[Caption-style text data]
* * * *

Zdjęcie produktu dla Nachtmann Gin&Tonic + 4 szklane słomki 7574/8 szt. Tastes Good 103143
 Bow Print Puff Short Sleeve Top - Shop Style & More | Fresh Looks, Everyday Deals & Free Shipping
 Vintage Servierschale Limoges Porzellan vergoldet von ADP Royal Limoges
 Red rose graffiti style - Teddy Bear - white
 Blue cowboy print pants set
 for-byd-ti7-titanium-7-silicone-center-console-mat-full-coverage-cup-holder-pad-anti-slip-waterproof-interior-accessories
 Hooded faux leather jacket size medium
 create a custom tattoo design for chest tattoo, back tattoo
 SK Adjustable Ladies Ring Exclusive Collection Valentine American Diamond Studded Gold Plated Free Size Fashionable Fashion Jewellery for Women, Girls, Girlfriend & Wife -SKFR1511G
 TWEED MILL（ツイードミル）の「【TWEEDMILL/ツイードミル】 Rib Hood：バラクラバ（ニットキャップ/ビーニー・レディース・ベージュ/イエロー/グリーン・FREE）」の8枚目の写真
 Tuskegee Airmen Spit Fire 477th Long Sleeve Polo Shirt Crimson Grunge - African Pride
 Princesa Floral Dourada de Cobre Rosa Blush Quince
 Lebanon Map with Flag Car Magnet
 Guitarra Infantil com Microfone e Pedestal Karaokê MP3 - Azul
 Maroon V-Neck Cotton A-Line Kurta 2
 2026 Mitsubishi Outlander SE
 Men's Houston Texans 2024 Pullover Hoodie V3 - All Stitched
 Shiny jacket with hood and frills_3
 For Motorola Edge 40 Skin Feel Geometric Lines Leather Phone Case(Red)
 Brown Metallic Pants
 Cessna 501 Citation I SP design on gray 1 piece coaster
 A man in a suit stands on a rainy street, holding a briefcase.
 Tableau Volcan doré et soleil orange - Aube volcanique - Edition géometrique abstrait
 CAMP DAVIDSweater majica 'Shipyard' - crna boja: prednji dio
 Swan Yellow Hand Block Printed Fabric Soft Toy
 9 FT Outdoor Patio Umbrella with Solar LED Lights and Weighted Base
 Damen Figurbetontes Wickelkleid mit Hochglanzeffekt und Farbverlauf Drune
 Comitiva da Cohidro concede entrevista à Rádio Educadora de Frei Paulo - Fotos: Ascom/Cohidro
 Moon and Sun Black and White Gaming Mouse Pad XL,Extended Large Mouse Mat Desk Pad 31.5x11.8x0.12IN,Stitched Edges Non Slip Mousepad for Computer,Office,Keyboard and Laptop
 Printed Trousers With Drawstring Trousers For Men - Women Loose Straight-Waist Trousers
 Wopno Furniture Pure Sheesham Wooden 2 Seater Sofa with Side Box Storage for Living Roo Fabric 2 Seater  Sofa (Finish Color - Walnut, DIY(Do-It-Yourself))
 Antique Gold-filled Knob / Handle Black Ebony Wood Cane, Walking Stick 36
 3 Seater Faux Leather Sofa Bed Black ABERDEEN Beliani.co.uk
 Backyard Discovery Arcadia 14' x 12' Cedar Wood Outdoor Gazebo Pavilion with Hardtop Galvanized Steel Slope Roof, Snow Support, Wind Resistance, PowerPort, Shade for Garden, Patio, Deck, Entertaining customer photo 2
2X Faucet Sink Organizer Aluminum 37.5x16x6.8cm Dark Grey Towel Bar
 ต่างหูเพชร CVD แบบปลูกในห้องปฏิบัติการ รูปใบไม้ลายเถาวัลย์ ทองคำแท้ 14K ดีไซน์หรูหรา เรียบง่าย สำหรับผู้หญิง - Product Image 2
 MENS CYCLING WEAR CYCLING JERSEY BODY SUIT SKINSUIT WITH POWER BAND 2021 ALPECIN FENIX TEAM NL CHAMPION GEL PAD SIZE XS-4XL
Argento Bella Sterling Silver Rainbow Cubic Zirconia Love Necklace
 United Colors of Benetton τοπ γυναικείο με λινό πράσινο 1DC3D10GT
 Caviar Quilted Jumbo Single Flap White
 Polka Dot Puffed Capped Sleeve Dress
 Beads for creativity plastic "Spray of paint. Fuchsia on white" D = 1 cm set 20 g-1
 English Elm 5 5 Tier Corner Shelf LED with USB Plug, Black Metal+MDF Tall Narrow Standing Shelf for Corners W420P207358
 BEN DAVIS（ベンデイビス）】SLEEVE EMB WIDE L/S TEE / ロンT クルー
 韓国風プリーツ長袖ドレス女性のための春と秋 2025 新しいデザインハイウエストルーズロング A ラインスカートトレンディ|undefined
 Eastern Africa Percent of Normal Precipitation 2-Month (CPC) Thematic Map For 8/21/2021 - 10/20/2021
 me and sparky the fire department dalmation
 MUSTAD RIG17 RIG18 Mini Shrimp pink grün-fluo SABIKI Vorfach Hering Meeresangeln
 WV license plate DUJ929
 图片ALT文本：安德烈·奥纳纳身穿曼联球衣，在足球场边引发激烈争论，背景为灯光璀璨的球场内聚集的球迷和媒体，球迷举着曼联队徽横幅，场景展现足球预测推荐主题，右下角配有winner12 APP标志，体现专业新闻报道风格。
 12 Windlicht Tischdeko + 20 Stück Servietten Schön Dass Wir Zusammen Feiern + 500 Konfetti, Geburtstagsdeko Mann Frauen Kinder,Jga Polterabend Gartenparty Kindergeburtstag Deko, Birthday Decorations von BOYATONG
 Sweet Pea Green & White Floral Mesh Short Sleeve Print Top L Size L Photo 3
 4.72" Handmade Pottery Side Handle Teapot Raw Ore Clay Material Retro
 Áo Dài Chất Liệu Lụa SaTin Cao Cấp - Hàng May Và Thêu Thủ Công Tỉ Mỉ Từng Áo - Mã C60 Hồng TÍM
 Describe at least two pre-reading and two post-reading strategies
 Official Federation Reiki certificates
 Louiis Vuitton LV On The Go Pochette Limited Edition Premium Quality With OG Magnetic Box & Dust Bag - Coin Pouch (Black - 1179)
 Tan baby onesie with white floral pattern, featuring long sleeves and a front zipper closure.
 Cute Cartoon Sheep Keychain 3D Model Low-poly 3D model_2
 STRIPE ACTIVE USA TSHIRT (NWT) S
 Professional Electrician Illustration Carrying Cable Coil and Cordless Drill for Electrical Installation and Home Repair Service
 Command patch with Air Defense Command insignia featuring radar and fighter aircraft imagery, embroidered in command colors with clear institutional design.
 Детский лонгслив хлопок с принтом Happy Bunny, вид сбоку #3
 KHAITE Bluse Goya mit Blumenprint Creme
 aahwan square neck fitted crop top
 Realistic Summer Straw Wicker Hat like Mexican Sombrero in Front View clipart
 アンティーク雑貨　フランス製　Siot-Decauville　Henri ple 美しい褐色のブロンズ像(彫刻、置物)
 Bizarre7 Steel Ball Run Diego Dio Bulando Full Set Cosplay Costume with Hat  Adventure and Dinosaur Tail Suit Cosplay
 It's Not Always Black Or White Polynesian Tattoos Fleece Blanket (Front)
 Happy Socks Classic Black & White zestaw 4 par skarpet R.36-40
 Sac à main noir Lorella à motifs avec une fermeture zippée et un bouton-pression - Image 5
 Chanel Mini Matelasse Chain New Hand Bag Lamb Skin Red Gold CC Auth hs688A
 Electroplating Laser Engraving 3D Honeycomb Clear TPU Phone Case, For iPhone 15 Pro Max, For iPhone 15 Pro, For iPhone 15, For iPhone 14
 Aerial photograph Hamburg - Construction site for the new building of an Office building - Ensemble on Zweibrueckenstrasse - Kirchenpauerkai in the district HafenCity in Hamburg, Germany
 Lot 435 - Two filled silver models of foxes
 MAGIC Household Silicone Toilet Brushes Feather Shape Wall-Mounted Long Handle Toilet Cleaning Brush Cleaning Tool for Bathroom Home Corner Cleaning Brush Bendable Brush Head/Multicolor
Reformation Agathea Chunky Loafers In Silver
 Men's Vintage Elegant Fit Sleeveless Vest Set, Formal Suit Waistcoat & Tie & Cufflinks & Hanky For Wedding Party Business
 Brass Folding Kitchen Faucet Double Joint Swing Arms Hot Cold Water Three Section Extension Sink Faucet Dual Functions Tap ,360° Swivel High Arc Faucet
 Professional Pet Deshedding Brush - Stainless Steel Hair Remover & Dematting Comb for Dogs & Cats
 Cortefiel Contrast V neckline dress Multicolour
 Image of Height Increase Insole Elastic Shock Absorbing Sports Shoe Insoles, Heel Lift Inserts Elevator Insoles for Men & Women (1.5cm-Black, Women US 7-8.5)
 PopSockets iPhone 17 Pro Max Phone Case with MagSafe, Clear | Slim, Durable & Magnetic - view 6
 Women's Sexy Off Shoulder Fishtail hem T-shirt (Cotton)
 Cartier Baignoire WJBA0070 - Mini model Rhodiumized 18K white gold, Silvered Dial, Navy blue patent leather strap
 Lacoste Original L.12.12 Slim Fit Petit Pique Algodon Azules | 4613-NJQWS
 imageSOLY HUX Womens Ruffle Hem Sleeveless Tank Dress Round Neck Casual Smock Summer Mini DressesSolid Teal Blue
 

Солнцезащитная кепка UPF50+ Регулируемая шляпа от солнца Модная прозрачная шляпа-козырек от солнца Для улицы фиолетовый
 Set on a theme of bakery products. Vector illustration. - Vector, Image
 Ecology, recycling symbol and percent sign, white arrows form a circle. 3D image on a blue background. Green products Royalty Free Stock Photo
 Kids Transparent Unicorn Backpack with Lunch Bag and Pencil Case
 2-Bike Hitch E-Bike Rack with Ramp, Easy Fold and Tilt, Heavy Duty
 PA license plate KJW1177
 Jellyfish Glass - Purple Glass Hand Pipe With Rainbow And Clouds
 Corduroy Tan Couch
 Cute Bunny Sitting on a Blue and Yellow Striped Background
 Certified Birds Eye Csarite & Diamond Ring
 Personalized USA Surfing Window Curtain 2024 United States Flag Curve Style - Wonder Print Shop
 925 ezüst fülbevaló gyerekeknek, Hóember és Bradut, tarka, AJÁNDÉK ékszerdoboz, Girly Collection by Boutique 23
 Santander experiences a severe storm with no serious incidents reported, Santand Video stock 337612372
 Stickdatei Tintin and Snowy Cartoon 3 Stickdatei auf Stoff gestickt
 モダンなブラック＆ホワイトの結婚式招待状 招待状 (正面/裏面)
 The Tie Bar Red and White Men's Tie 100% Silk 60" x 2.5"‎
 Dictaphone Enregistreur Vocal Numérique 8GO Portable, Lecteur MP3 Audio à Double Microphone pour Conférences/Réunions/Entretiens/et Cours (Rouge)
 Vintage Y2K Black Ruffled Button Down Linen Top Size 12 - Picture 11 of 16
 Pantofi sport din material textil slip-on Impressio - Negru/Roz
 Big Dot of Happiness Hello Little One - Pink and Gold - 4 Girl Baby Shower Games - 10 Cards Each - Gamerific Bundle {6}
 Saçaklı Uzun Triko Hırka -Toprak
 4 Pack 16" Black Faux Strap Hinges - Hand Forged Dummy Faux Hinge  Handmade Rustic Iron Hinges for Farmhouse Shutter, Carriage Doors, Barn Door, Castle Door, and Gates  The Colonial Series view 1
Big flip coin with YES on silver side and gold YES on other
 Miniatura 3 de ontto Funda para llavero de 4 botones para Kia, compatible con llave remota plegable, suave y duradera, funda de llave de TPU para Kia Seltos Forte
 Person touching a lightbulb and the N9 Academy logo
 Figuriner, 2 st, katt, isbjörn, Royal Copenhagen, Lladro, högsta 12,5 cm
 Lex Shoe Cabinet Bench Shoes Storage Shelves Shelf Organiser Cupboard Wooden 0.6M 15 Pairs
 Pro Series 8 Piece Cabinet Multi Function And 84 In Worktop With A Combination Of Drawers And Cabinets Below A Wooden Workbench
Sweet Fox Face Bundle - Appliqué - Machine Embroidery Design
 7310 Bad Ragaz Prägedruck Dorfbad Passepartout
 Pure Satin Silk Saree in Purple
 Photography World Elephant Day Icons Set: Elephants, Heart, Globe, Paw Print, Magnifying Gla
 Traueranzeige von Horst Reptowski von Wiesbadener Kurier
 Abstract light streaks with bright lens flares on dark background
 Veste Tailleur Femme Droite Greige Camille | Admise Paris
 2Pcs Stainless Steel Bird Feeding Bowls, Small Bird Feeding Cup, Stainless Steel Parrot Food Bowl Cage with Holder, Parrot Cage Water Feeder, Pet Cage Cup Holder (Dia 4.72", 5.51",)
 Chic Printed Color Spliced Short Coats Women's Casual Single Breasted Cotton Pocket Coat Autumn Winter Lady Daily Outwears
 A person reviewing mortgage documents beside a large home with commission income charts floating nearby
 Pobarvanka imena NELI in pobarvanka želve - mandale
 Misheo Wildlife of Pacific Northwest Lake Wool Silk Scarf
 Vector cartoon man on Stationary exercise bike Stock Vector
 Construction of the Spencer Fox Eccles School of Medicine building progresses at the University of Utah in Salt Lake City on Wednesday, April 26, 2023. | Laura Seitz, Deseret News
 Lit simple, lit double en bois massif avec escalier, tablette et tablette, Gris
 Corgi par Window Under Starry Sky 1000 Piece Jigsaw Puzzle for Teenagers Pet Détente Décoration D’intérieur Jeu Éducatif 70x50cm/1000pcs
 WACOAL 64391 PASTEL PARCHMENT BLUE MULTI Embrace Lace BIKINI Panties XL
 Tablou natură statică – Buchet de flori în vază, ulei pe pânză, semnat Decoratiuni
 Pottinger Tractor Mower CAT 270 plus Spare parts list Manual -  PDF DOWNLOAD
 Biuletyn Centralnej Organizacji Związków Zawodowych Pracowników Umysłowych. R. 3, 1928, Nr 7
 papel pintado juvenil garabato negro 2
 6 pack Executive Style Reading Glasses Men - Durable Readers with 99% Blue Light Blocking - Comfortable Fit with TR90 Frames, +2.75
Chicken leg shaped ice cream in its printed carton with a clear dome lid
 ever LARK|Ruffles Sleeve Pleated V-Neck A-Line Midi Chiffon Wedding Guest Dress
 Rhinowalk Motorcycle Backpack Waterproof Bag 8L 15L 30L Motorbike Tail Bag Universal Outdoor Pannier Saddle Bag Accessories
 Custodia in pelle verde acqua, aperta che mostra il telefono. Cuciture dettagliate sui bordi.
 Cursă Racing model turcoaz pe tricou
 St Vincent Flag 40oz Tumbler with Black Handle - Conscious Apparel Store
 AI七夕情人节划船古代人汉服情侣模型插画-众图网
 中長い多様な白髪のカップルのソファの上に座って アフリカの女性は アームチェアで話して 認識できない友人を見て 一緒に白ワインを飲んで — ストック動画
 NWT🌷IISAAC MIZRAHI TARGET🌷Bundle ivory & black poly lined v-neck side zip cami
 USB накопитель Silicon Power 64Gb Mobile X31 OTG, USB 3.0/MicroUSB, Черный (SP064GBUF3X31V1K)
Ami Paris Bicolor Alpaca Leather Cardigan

* * * *

▶ [Work order]:
What is needed is an exact copy of the lines from the one containing "Chicken leg shaped" to the end of the data; please add nothing else.

▶ [Written response]:
Chicken leg shaped ice cream in its printed carton with a clear dome lid
 ever LARK|Ruffles Sleeve Pleated V-Neck A-Line Midi Chiffon Wedding Guest Dress
 Rhinowalk Motorcycle Backpack Waterproof Bag 8L 15L 30L Motorbike Tail Bag Universal Outdoor Pannier Saddle Bag Accessories
 Custodia in pelle verde acqua, aperta che mostra il telefono. Cuciture dettagliate sui bordi.
 Cursă Racing model turcoaz pe tricou
 St Vincent Flag 40oz Tumbler with Black Handle - Conscious Apparel Store
 AI七夕情人节划船古代人汉服情侣模型插画-众图网
 中長い多様な白髪のカップルのソファの上に座って アフリカの女性は アームチェアで話して 認識できない友人を見て 一緒に白ワインを飲んで — ストック動画
 NWT🌷IISAAC MIZRAHI TARGET🌷Bundle ivory & black poly lined v-neck side zip cami
 USB накопитель Silicon Power 64Gb Mobile X31 OTG, USB 3.0/MicroUSB, Черный (SP064GBUF3X31V1K)
Ami Paris Bicolor Alpaca Leather Cardigan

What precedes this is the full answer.